Cred Check: Drew Lock and the Mizzou Tigers Can’t Afford To Lose at South Carolina.

Mizzou’s game at South Carolina on Saturday is a credibility check.

And a credit check.

Missouri should win.

Missouri has no excuses for not winning.

Mizzou has a superb and experienced cast of offensive talent, one of the best quarterbacks in the nation, and a defense that whips up a heavy pass rush. The Tigers are 3-1 this season and have won nine of their last 11 games.

Drew Lock is a senior. He is on track to set school passing records. He’s on track to be a first-round pick in the 2019 NFL Draft. Lock is listed among the Top 25 overall NFL prospects by ESPN and others.

Barry Odom is in his third season as head coach. His program should be strengthening. And maybe it is. That’s the hope, anyway. Even with the loss to Georgia in CoMo two weeks ago, Odom’s team has won four of its last five SEC games.

Cynics rightfully point out that the four victories came against faded, chaotic, disinterested SEC opponents that already had fired the head coach, or were about to sack the head coach, or otherwise had quit playing with a purpose. (Florida, Tennessee, Vanderbilt, Arkansas.)

Yes, those wins counted in the standings. There are no asterisks. But some victories are more credible than others. And Mizzou –to its credit — took advantage of a schedule that had turned to mush.
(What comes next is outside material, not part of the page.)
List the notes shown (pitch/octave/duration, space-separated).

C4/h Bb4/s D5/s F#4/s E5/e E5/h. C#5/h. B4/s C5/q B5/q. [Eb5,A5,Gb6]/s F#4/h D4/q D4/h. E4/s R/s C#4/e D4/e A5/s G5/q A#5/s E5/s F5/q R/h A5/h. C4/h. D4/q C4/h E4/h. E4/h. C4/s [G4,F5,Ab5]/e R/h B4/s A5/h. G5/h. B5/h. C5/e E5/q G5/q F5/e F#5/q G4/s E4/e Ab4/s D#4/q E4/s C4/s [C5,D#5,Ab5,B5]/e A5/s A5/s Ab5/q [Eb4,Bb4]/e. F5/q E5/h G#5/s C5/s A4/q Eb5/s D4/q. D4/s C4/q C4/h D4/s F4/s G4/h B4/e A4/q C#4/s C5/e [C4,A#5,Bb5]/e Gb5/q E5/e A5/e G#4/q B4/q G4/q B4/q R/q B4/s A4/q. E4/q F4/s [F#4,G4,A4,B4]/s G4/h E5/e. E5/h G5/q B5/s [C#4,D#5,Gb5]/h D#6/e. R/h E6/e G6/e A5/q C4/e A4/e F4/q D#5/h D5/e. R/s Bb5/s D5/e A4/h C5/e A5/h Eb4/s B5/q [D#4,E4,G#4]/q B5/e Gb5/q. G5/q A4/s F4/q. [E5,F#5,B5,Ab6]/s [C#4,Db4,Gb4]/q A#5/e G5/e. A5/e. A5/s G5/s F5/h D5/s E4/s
Mizzou can gain credibility with a win at South Carolina.

And Mizzou can get some credit by winning at SC.

South Carolina is a solid and respected opponent — but nothing exceptional. The Gamecocks are 2-2, but weren’t competitive in losses to SEC East foes Georgia, and Kentucky. Georgia went into South Carolina and demolished SC by a 41-17 score. Kentucky, playing at home, beat up South Carolina 24-10.

SC quarterback Jake Bentley suffered a knee injury in Lexington and isn’t expected to start against Mizzou. According to reports  the decision isn’t final but it appears that SC will go with senior Michael Scarnecchia, who took most of the first-team snaps in practice this week. But Scarnecchia has never started a game.
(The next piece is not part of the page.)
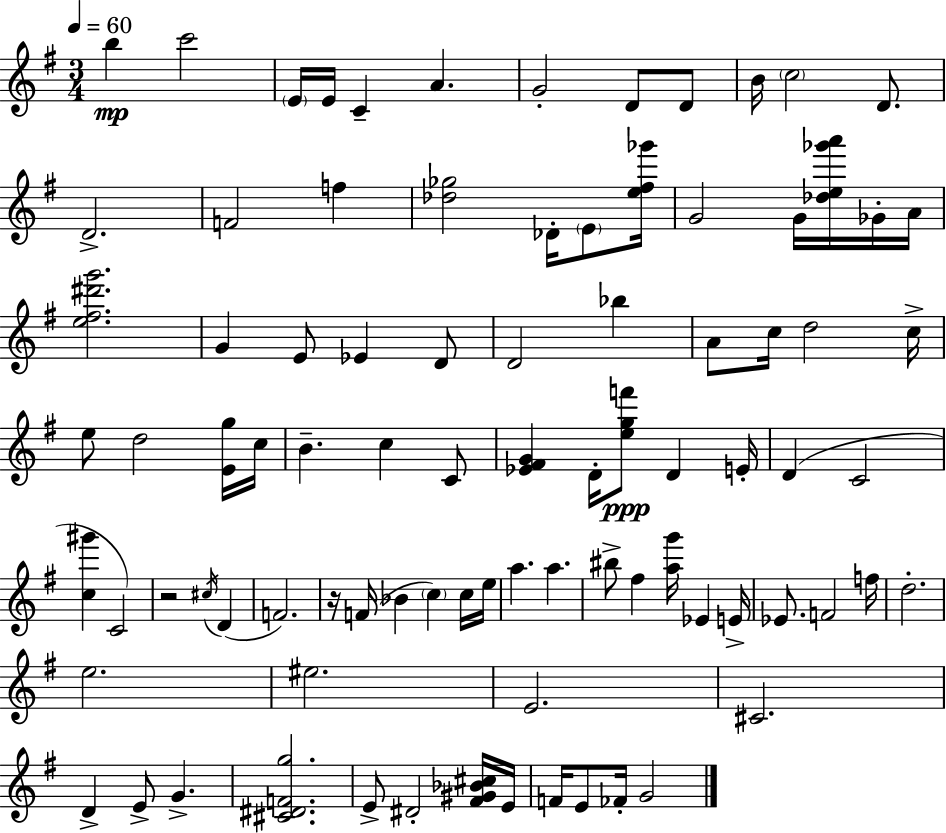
B5/q C6/h E4/s E4/s C4/q A4/q. G4/h D4/e D4/e B4/s C5/h D4/e. D4/h. F4/h F5/q [Db5,Gb5]/h Db4/s E4/e [E5,F#5,Gb6]/s G4/h G4/s [Db5,E5,Gb6,A6]/s Gb4/s A4/s [E5,F#5,D#6,G6]/h. G4/q E4/e Eb4/q D4/e D4/h Bb5/q A4/e C5/s D5/h C5/s E5/e D5/h [E4,G5]/s C5/s B4/q. C5/q C4/e [Eb4,F#4,G4]/q D4/s [E5,G5,F6]/e D4/q E4/s D4/q C4/h [C5,G#6]/q C4/h R/h C#5/s D4/q F4/h. R/s F4/s Bb4/q C5/q C5/s E5/s A5/q. A5/q. BIS5/e F#5/q [A5,G6]/s Eb4/q E4/s Eb4/e. F4/h F5/s D5/h. E5/h. EIS5/h. E4/h. C#4/h. D4/q E4/e G4/q. [C#4,D#4,F4,G5]/h. E4/e D#4/h [F#4,G#4,Bb4,C#5]/s E4/s F4/s E4/e FES4/s G4/h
No matter who starts at quarterback for the Gamecocks — a limping Bentley or an inexperienced Scarnecchia — Lock must be the superior quarterback in this game. An elite quarterback who will getting paid by an NFL team a year from now can’t lose this one. Not after Mizzou had a bye week to freshen up and get healthier as a team. Not after South Carolina turned the ball over four times and got trucked by Kentucky RB Benny Snell in the Wildcats’ 14-point win.
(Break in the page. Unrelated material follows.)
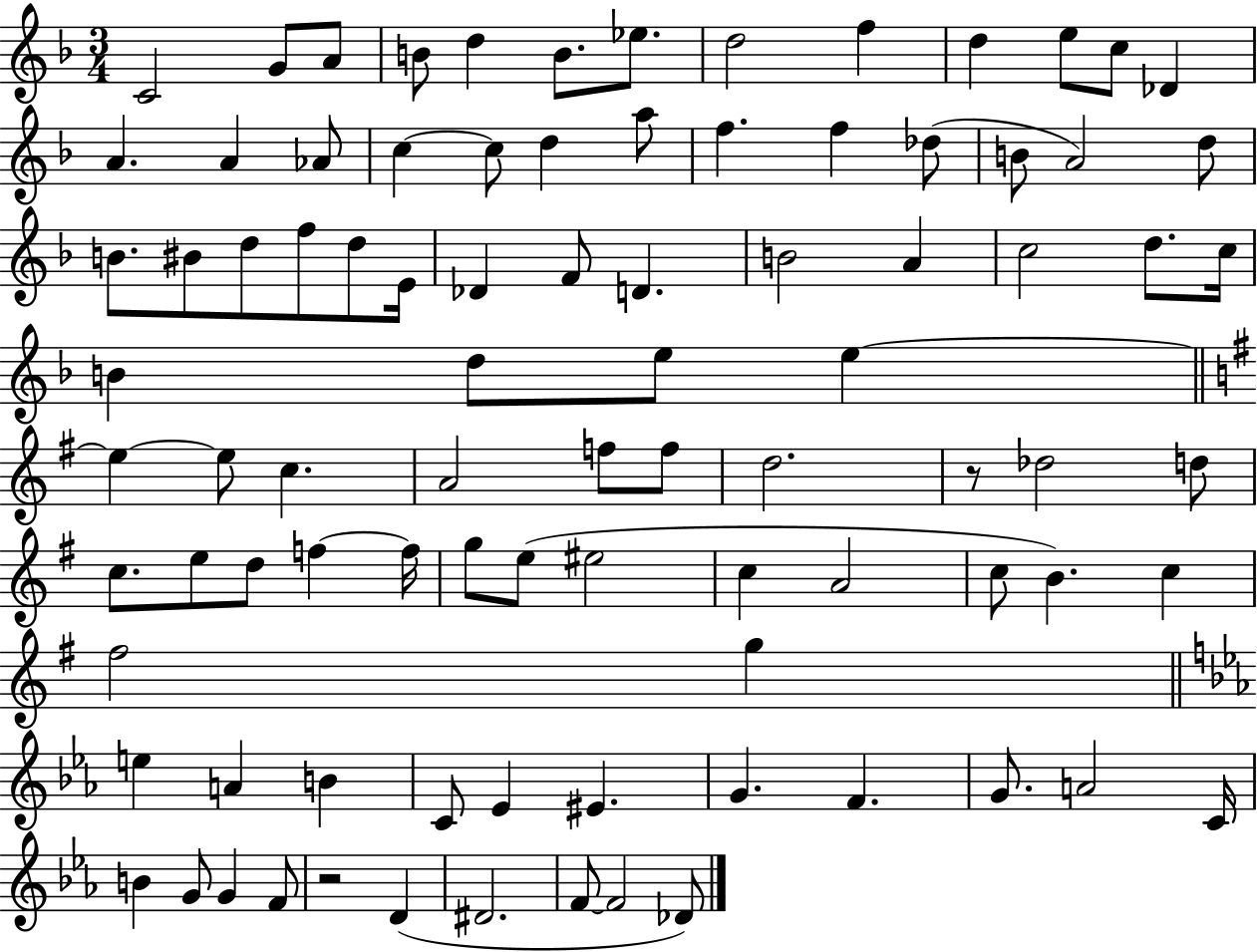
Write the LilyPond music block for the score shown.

With Mizzou headed back on the road next Saturday to play at Alabama, it’s imperative for the Tigers to get a win at SC. Lock won’t be the best QB on the field at Tuscaloosa; that distinction belongs to Alabama’s Tua Tagovailoa. But Lock should be the top quarterback in the SC game.

Moreover, South Carolina doesn’t have much of a pass rush.

And if Lock doesn’t play well, and Mizzou fails to win?

It won’t be a good look Coach Odom or his quarterback.


As MU’s head coach:

  • Odom is 4-8 in road games (and at neutral sites.)
  • Odom is 0-6 against teams ranked in the AP top 25. (South Carolina was ranked earlier this season, but not now.)
  • Odom is 2-14 vs. FBS teams that have a winning record.
  • And 7-14 against Power 5 opponents.

As for Lock, David Morrison of the excellent Rock M Nation came up with much better numbers than I did, so here they are … with a link …

— With Lock there is a minus 37.3%  career difference in passer rating in starts against non-Power 5 (185.51) and Power 5 (116.31) teams.

— Of Lock’s total touchdowns, he produced 60.6%  against FBS teams that finished with non-winning records.

— Lock is 1-18 in his career starts against Power 5 opponents that finished the season with winning records. That was Arkansas in 2016.

— And Lock has only three winning starts against FBS teams that ended their seasons with a winning record: BYU (2015), Arkansas (2016) and Eastern Michigan (2016.)

(Thank you, David Morrison.) 

This is a team sport, sure. But Lock needs more meaningful wins on the board. And so does his coach. A win at South Carolina — while hardly a career-defining occasion — is an opportunity to earn credibility and credit.